College Affordability Roundtable at Oregon Tech with Representatives Neron and McIntire

Representative Courtney Neron (D-Wilsonville), the State House Education Committee Chair, and Representative Emily McIntire (R-Klamath Falls), the State House Higher Education Committee Vice Chair, visited Oregon Tech’s Portland-Metro Campus March 17 to tour labs and discuss college affordability and return on investment.

Oregon ranks 45 out of 50 states in funding per full-time enrolled student in public universities and is 19% below the national average. The level of state investment in recent years has shifted the burden of paying for college from the state to students and their families.

“Oregon Tech is one of Oregon’s seven public universities, and the state’s designated polytechnic university,” Oregon Tech President Nagi Naganathan said. “We offer a unique education that has consistently proven to have a high return on investment for our students and their families. However, continued state investment in our university is crucial to continuing our mission and creating such outstanding value for our graduates. We deeply appreciate our relationship with legislators who represent our campuses. We are grateful for their enthusiastic engagement and support helping us continue to be a valued partner for industry and the state.”

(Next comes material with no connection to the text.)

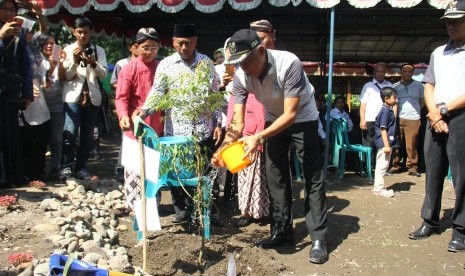 Bupati Sleman, Sri Purnomo, saat menghadiri Puncak Peringatan Hari  Lingkungan Hidup Sedunia di Dusun Dayakan, Desa Sardonoharjo, Kecamatan  Ngaglik, Rabu (10/7).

Rep. Neron, Joe Martin, student lab manager for rapid prototyping lab, Rep. McIntire
Rep. Neron, Rapid Prototyping Lab Student Manager Joe Martin, and Rep. McIntire

During the Oregon Tech campus tour in Wilsonville, Neron and McIntire visited the Rapid Prototype Lab, Emergency Medical Service training facilities, Veterans Resource Center, Additive Manufacturing Lab, and Medical Laboratory Science program.

"It was wonderful to spend time with Oregon Tech students, faculty, and leaders, and see their state-of-the-art classrooms and labs where they are preparing to address some of our state’s most pressing issues,” Neron said. “From semiconductor and renewable energy engineering, to paramedic services and medical lab testing, the strong education students get at Oregon Tech is key to economic opportunity and is building the highly skilled workforce that Oregon needs.”

Neron and McIntire were joined at the round-table discussion by President Naganathan, Board of Trustees Chair John Davis, Assistant Director of Financial Aid Suzet Petersen, Portland-Metro Student Body President Billy Kimmel, Portland-Metro Library Director Kristin Whitman, and Student Involvement and Belonging Director Thomas Arce, who serves as the university’s Career Services Interim Director. Discussions focused on college affordability, supports for students, and the return on investment of a college degree.

“Oregon Tech is advocating for policies and investments during the 2023 state legislative session that will make a university degree more affordable and accessible for students, regardless of their background,” Chair Davis said. “The university is asking for investments in the Public University Support Fund; Oregon Opportunity Grant, which is the state’s main need-based student aid program; open educational resources; and the benefits navigator program, which helps students meet their basic needs.

“Our hope is that the legislators will support additional investments in public higher education, student aid, and programs that help students meet their basic needs.”

As the state representative for the Klamath Falls campus, McIntire shared that it was wonderful to learn more about Oregon Tech’s impact across the state.

“With the highest starting salary of any public university in Oregon, Oregon Tech is doing amazing work to educate the next generation of Oregon workers to power small businesses and industry,” McIntire said.